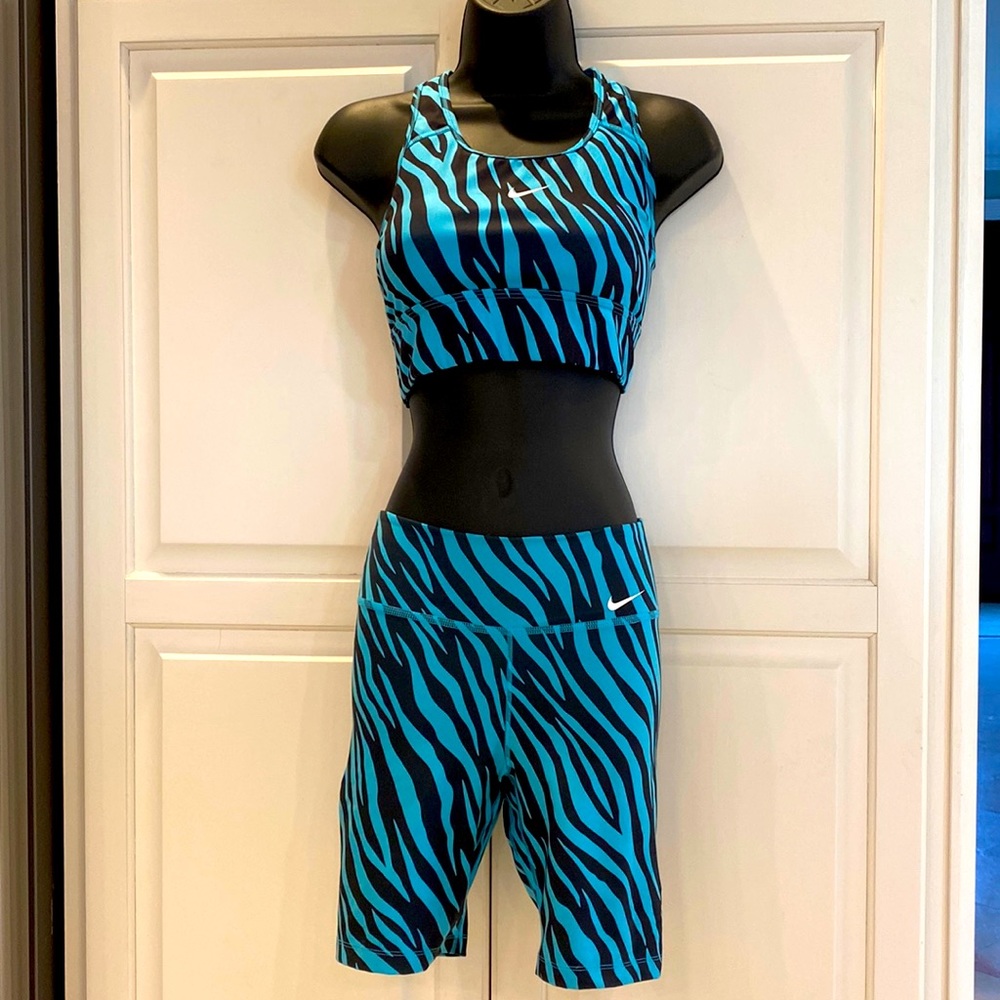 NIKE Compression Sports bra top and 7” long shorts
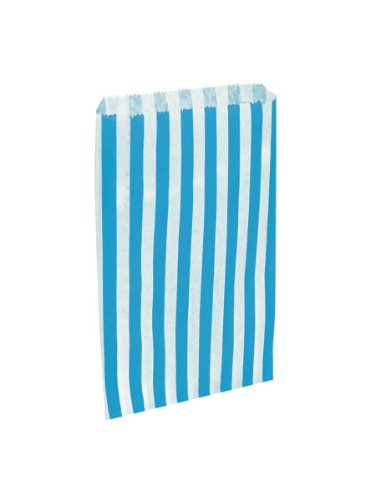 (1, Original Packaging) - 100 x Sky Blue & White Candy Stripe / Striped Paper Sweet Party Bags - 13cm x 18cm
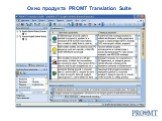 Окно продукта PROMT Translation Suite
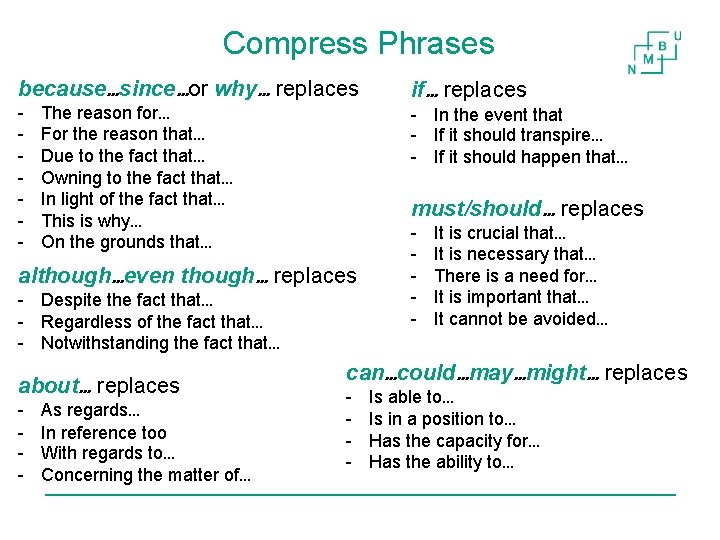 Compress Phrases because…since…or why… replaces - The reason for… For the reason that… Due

--- EXERCISE DIRECTIONS ---
Omit every picture, then repeat the remaining data exactly as it appears above.

--- EXPECTED OUTPUT ---
 NIKE Compression Sports bra top and 7” long shorts
 (1, Original Packaging) - 100 x Sky Blue & White Candy Stripe / Striped Paper Sweet Party Bags - 13cm x 18cm
 Окно продукта PROMT Translation Suite
 Compress Phrases because…since…or why… replaces - The reason for… For the reason that… Due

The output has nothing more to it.